To the General Membership of the Industrial Workers of the World:

Knowledge is the real power. Knowledge of the truth, that is.

What’s the best way of distracting people from their freedoms being taken
away and realizing how huge the financial inequities actually are? What will
keep them from pushing for unions, fair pay, and better sources of energy so
that their children and grandchildren will be able to breathe, grow food and
flowers, and live in health?

Deny them access to truthful information.

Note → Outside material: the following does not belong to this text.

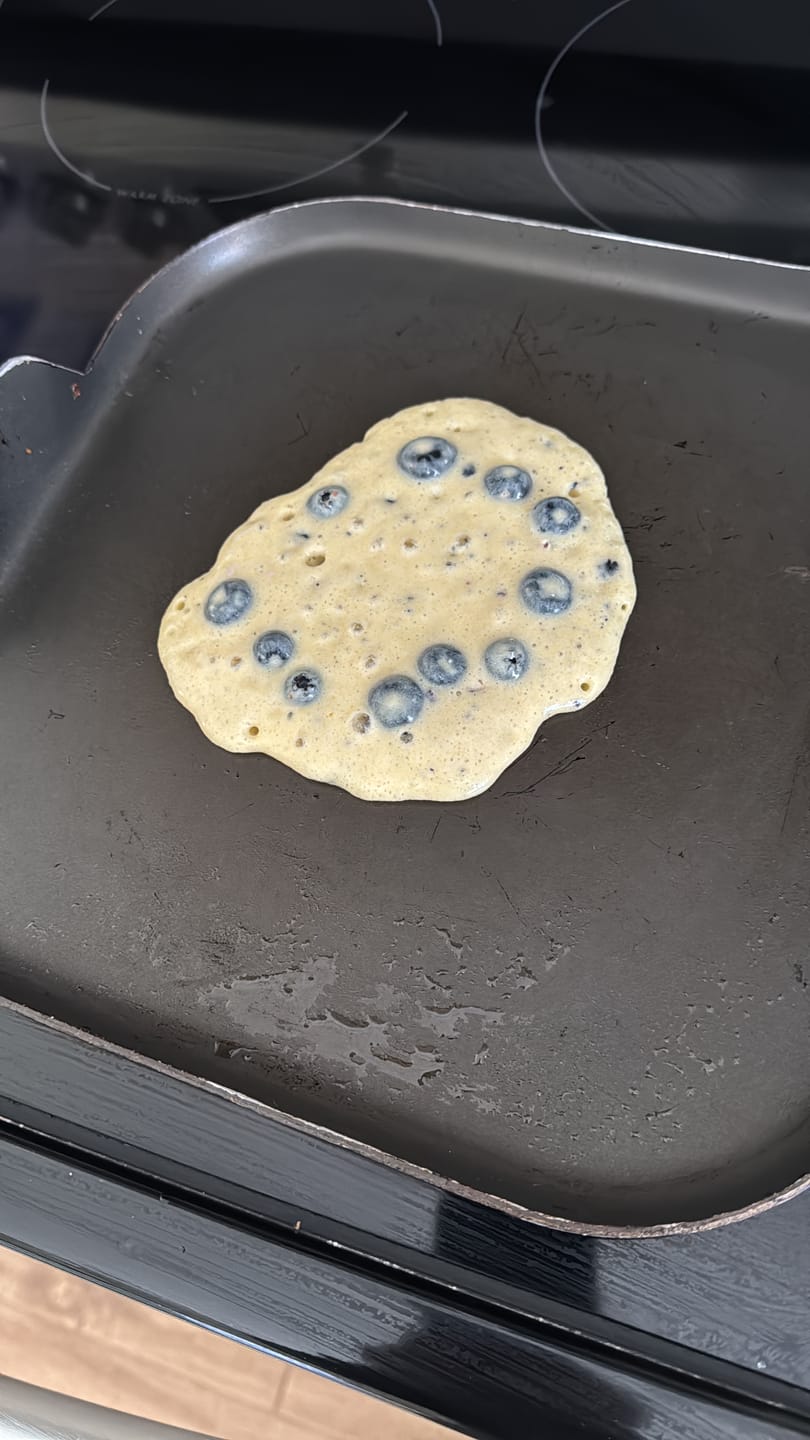 Customer photo review of Cousin T's Gourmet Blueberry Pancake Mix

To understand economic inequities in the US, you must always come back to
corporations and their goal of profit at literally any cost—except to them,
their fortunes, and their power. To make sure they maintain their power,
corporations must maintain their stranglehold on the political system at
every level. They do this with money—and disinformation. Corporations
perpetuate lies and misinterpretations of facts, and in large part they do
this through control of a major portion of all media outlets.

The Industrial Worker is an antidote to disinformation.

There have always been impediments to people’s knowing the truth about their
society, but today the threats are better organized and well funded, and
they have worldwide impacts. Net neutrality is at stake around the globe,
through trade deals like the Trans Pacific Partnership and the Transatlantic
Trade and Investment Partnership. Independent websites could virtually
disappear, because websites that pay to be in “fast lanes” will skew
Google’s search results, where popularity is a major criterion for relevance
to a search. New searchers for truth won’t even know that valuable online
periodicals, such as In These Times, Mother Jones, Adbusters, and the
Industrial Worker (among a goodly number of others) ever existed and were
there to inform, educate, anger, and inspire those who knew the status quo
meant death to freedom, equality, and fairness. I want to contribute to the
truth.

I have the job skills to become the IW’s editor. I started editing while I
was still an undergraduate working toward a degree in English, as well as
tutoring in English as a Second Language and Symbolic Logic. I used my
skills as I was able, but I discovered I couldn’t maintain a 9-to-5 job. In
my forties, I was finally convinced by people who loved me that I deserved
to apply for and receive Social Security Disability Insurance, because of my
long history of crippling depression. I have still worked all these years,
but my work has been as a writer and editor for individuals and nonprofits.
I’ve done the occasional resume and proposals for funding, but in general I
research, write, and edit for people whose work has value to me.

I pay little attention to what anyone paid by a corporation reports as news.
Yet even the news outlets I use need to be given a critical eye to affirm
their truth. Everyone has an agenda; all agendas are not created equal. I
look for agendas that seek to give everyone in the world an opportunity at
having a healthy, productive, satisfying life. News outlets with these
agendas are more likely to tell the truth.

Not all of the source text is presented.